Why a separate process

The AI agent runs on a remote machine (or an EC2 sandbox) but the browser to be controlled lives on your local desktop. There is no other process that runs on the user's actual laptop in a known-good location — the agent daemon runs on whichever machine the sandbox is bound to, which may be EC2. So we ship a dedicated bridge process that runs on the user's laptop, maintains an outbound WebSocket to the relay, and translates BROWSER_* messages into Playwright calls.

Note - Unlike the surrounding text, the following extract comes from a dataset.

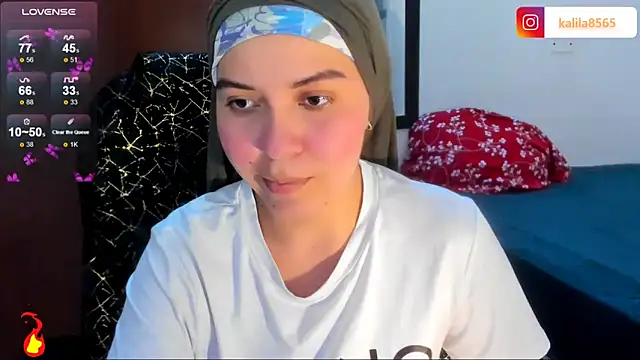 MatchedEyebrow online show from April 2026 08:34:01 PM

The bridge is per-user (one bridge per laptop) — distinct from the agent daemon, which is per-machine. Relay routing maps user_id → bridge.

Install

pip install maestro-browser-bridge

# Pre-download the Playwright Chromium binary (~200MB)
playwright install chromium

# Configure once
maestro-browser-bridge configure \
  --relay-url wss://relay.thesavvydeveloper.com \
  --user-id YOUR_USER_UUID \
  --user-token YOUR_BRIDGE_TOKEN

# Start
maestro-browser-bridge start

--detach is wired but not yet implemented; for now run the bridge in the foreground (or wrap it in your own service manager — launchd / systemd unit shipping is planned).

Status

The Phase 2 work tracked in _reference/11_BROWSER_CONTROL.md and implementation_plan.md's "BC — Browser Control (Phase 2)" section is implemented, not just scaffolded. All 16 BROWSER_COMMAND actions have real Playwright handlers in maestro_browser_bridge/handlers.py:

navigate, click, type, keypress, scroll, screenshot, read_dom, console_logs, list_tabs, allowlist_add, upload, wait_for, select_option, dismiss_dialog, collect_toasts, eval_js

(the last six — upload through eval_js — are the Phase 2.1 additions for Play Console / general lazy-UI automation: file upload, waits, native + Material-UI dropdowns, dialog dismissal, toast collection, and arbitrary page.evaluate.)

Also shipped: a security layer (security.py — pause/resume kill switch, per-host navigate allowlist, rate limiting) exposed via three extra CLI commands not mentioned above — pause, resume, bridge-status — which talk to the running daemon over its own loopback WebSocket (BRIDGE_CONTROL, 127.0.0.1 only, never over the relay). The package is published to PyPI by the release pipeline (publish-bridge job), so pip install maestro-browser-bridge (see Install, above) is a real, working install path today, not aspirational.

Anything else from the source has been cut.